Traditional latency switch-cost score

Prior to calculating the switch and nonswitch average RTs, RT data were cleaned to remove inaccurate and outlying trials. Those trials following an inaccurate trial were also excluded. To identify outlying trials, the standard deviation (SD) and mean RTs were calculated for each participant within each of the four conditions, crossing switch condition (switch vs. nonswitch) with response task (HL vs. OE). RTs below 200 ms were replaced with the participant’s mean for that condition. Long outlying RTs were defined as being more than 3 SDs above the participant’s conditional mean and were replaced with that participant’s cutoff. After the RT outliers were replaced with their appropriate values, the final RT averages for switch and nonswitch conditions (and collapsing HL and OE conditions) were calculated.Footnote 4

Latency switch costs were computed by subtracting the average nonswitch RT from the average switch RT for each participant, such that larger (more positive) values indicated a larger cost to switching.

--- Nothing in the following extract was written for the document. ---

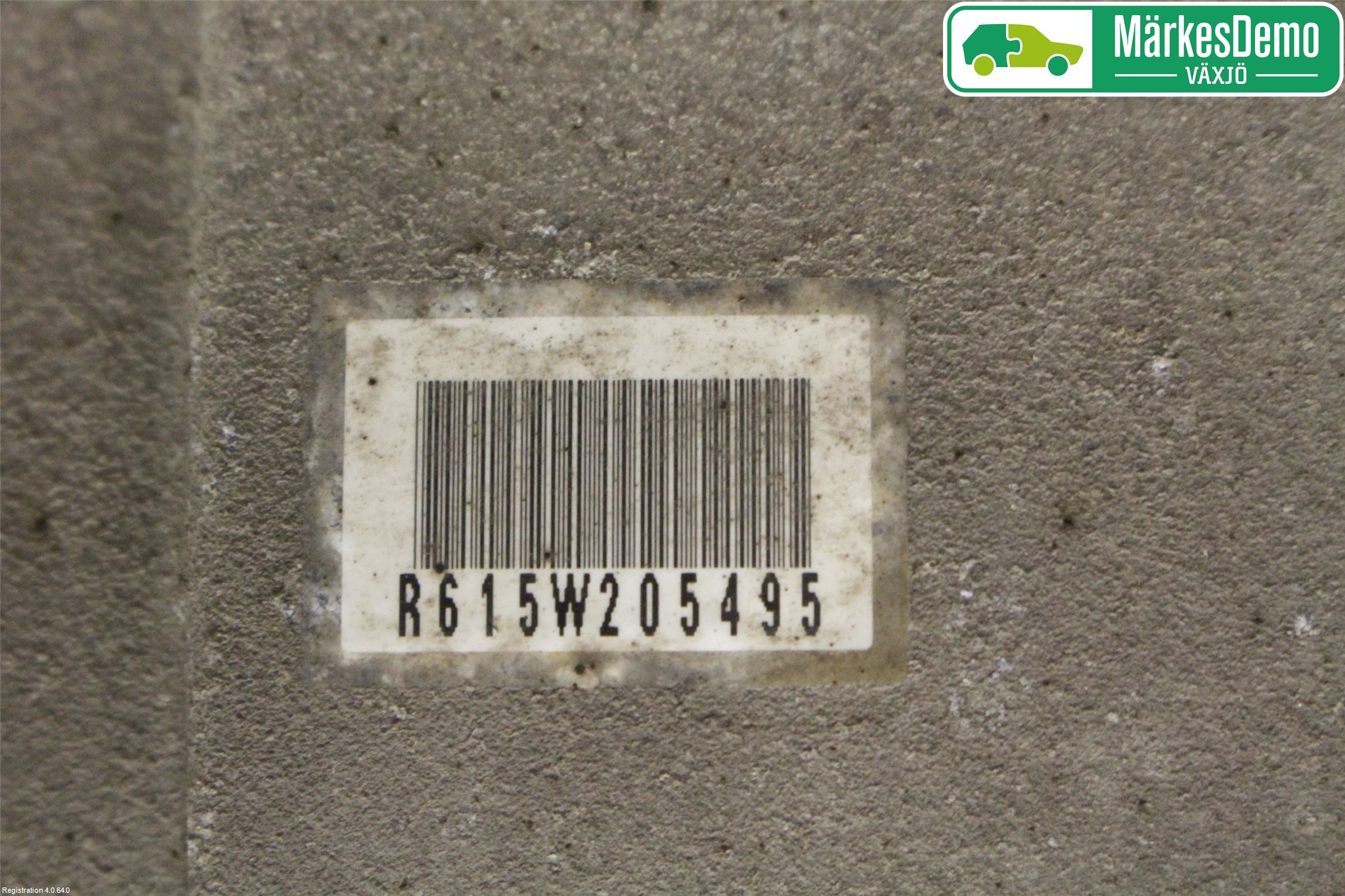 Lexus NX 300h 15-21 Motor Elektrisk Bak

Traditional accuracy switch-cost score

Accuracy switch costs were based on the accuracy of responses in the mixed-condition block. A participant’s accuracy switch cost was computed by subtracting the proportion of correct responses on switch trials from the proportion of correct responses on nonswitch trials. As with the latency switch-cost score, a larger (more positive) value indicated a larger cost to switching.

Rate residual score

To calculate the rate residual score, the RT data were cleaned as described above. The test block was then divided into subsets of trials, excluding the initial 3 nonswitch trials of each mixed-condition test block.Footnote 5 Assigning the trials into eight subsets resulted in most subsets containing 6 switch trials and 12 nonswitch trials. The exceptions were the fourth and eighth subsets, which contained 5 switch and 10 nonswitch trials.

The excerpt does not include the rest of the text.